Tue Aug 21 00:06:43 EDT 2007

To become part of a larger script that will read through all files on
a given drive, I was playing around with reading files and wanted to
see if there was an optimum value for a read size on my system.

What I noticed is that the file being read is "cached" on subsequent
reads.
Based on some testing it looks like it's by the underlying OS (windows
in this case) but have a few questions.

Here's a code sample:
-------------------------------------------------------------------------
import os, time

# Set the following two variables to
# different large files on your system.
# Suggest files in the range of 500MB to 1Gig
testfile1 = "d:\\test1\\junk1.file"
testfile2 = "d:\\test1\\junk2.file"

def readfile(filename):
     size = os.path.getsize(filename)
     bufsize = 4096
     print filename, size, "Bytes"

     while bufsize < 132000:
         start = time.clock()

         f = open(filename, "rb")
         buf = f.read(bufsize)
         while buf:
             buf = f.read(bufsize)
         f.flush()     # note: put here as a test and
                        # it doesn't make a difference
         f.close()

         end = time.clock()
         print bufsize, round(end - start,3)
         bufsize = bufsize*2

      print " "

# Comment the second and third readfile and run
# the program twice to see a similar result for testfile1
readfile(testfile1)
readfile(testfile1)
readfile(testfile2)
-----------------------------------------------------------------

Sample output for first testfile1:
d:\test1\junk1.file 759167228 Bytes
4096 20.366
8192 0.923
16384 0.783
32768 0.737
65536 0.74
131072 0.82

After the first read test at 4096, subsequent read tests seem to be
cached.
This is even though the file is being closed before initiating another
read test.

Sample output for second testfile1
d:\test1\junk1.file 759167228 Bytes
4096 1.258
8192 0.944
16384 0.795
32768 0.743
65536 0.725
131072 0.826

Ok, didn't expect much difference here based on the first read, but
wanted to note how 4096 is now 1.2 seconds.

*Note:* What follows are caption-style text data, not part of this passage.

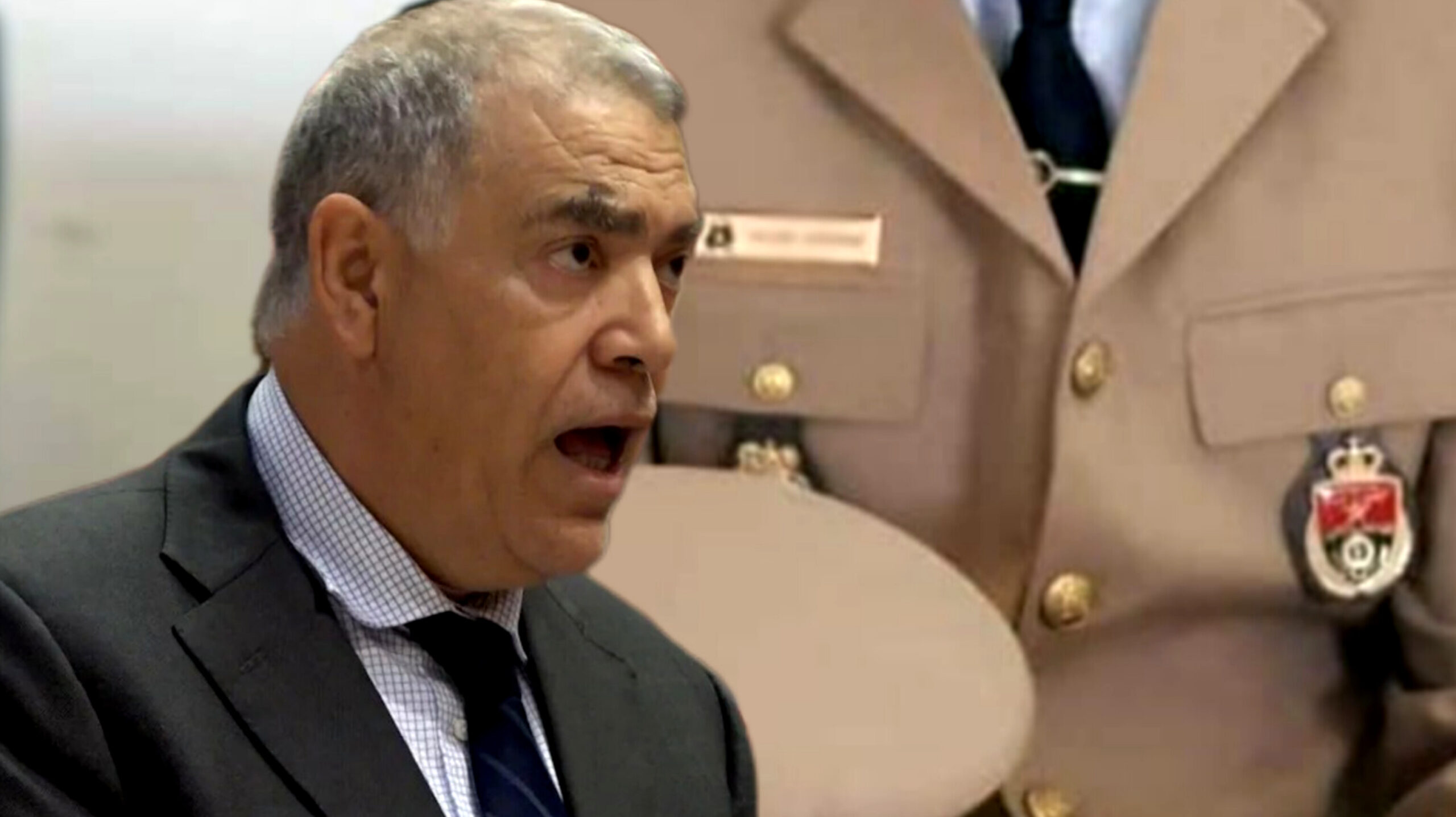 ما هي جريمة الفساد التي ارتكبها قائد عزلته وزارة الداخلية اليوم ؟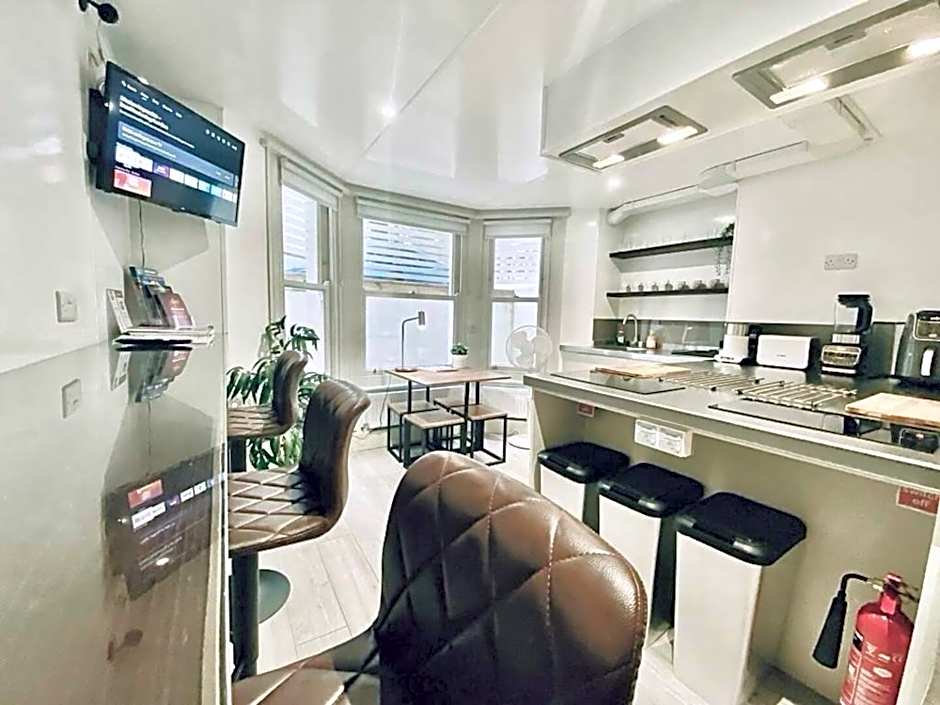 Apt 03 Beachside Beauty Central Studio Steps from Cafes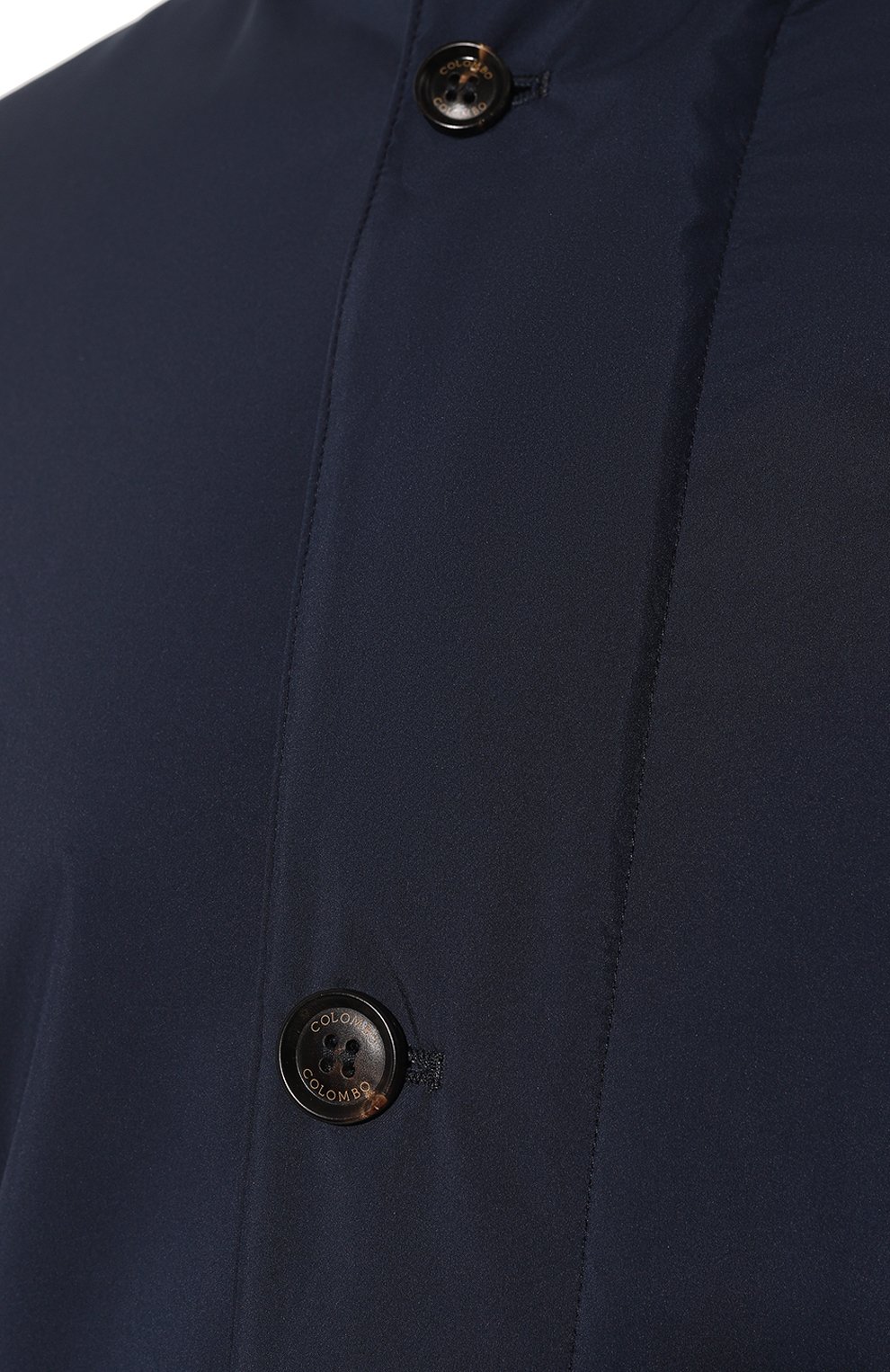 Мужской плащ COLOMBO темно-синего цвета, арт. CP00424/I0VM/T0283-U | Фото 5 (Мужское Кросс-КТ: Плащ-верхняя одежда; Рукава: Длинные; Длина (верхняя одежда): До середины бедра; Материал внешний: Синтетический материал; Материал сплава: Проставлено; Материал подклада: Синтетический материал; Драгоценные камни: Проставлено; Стили: Кэжуэл)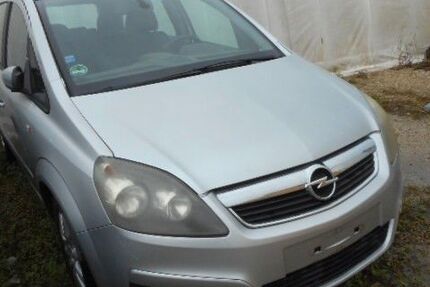 Opel Zafira 225.000 km 1.111 € Ernsgaden 85119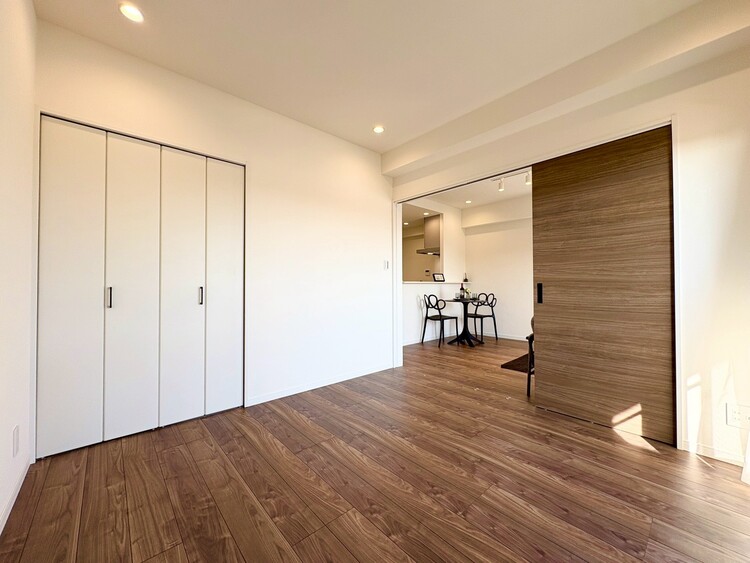 その他 清かで艶やかな時間をもたらしてくれる室内です。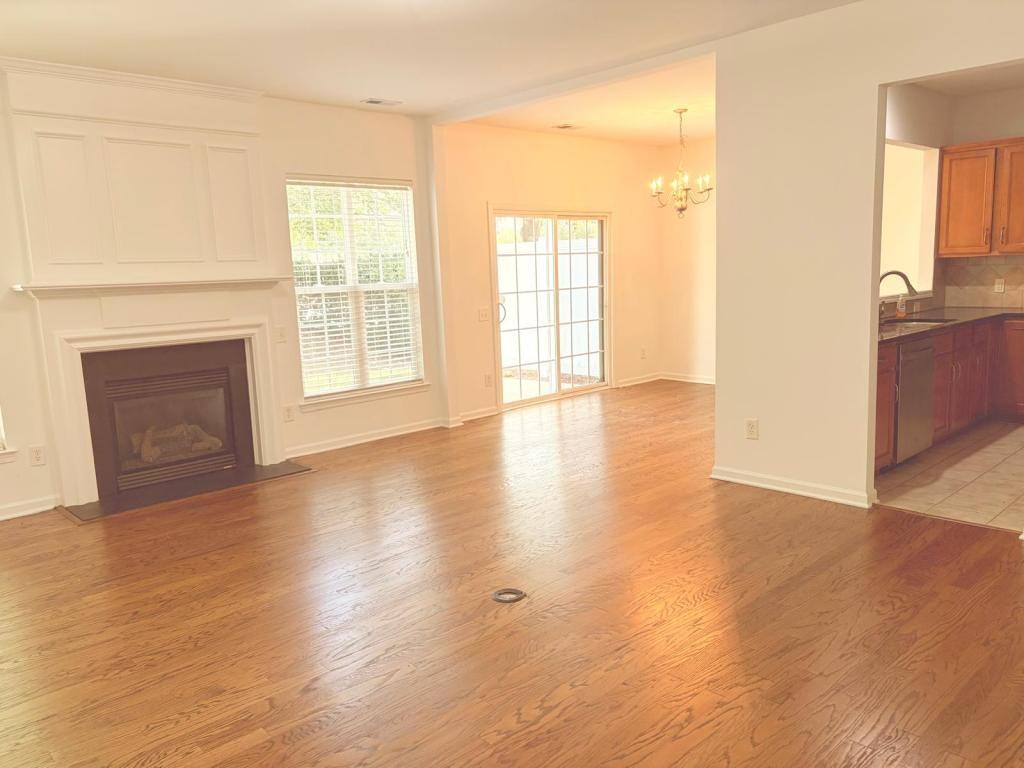 9002 Bishop Crest Ln - Photo 3 of 19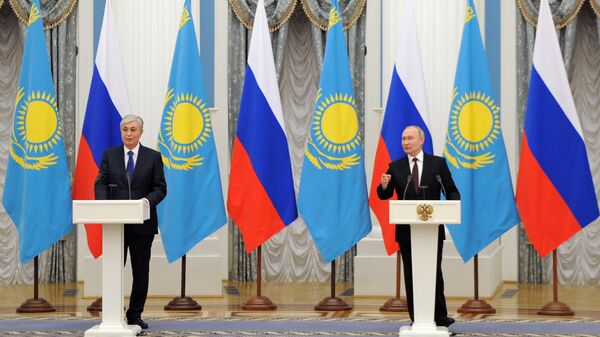 哈萨克斯坦总统卡西姆若马尔特·托卡耶夫和俄罗斯总统弗拉基米尔·普京 - 俄罗斯卫星通讯社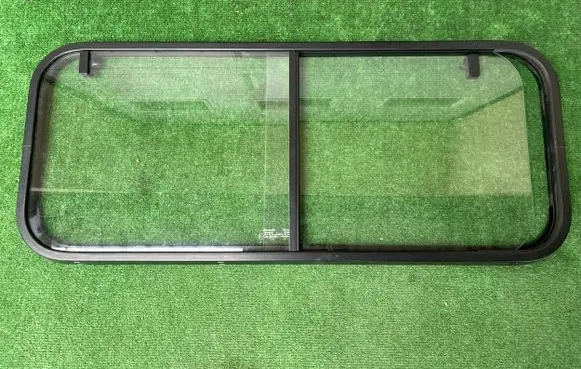 Land Rover Defender Front triangle window/glass 43R000981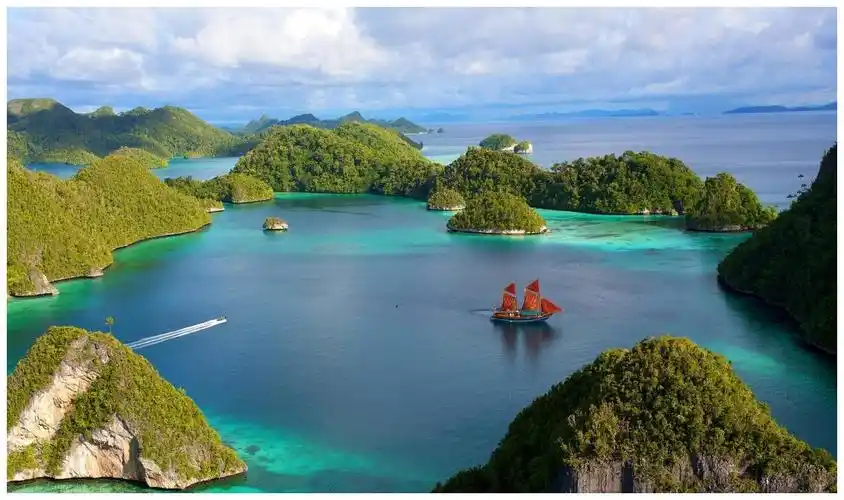 位于亚洲东南部的世界上最大群岛"马来群岛",分属于哪些国家?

Sample output for testfile2:
d:\test1\junk2.file 1142511616 Bytes
4096 31.514
8192 1.417
16384 1.202
32768 1.11
65536 1.089
131072 1.245

Same situation as our first sample for testfile1. 4096 is not cached,
but subsequent reads are.

Now some things to note:

So it seems the file is being cached, however on my system only ~2MB
of additional memory is used when the program is run. This 2MB of
memory is released when the script exits.

If you comment the second and third readfile lines (as noted in the
code):

a. Run the program twice, you will see that even if the program exits,
this cache is not cleared.

b. If you open another command prompt and run the code, it's cached.

c. If you close both command prompts, open a new one and run the code
it's still cached.

It isn't "cleared" until another large file is read.

My questions are:

1. I don't quite understand how after one full read of a file, another
full read of the same file is "cached" so significantly while
consuming so little memory. What exactly is being cached to improve
the reading of the file a second time?

2. Is there anyway to somehow to take advantage of this "caching" by
initializing it without reading through the entire file first?

3. If the answer to #2 is No, then is there a way to purge this
"cache" in order to get a more accurate result in my routine?  That is
without having to read another large file first?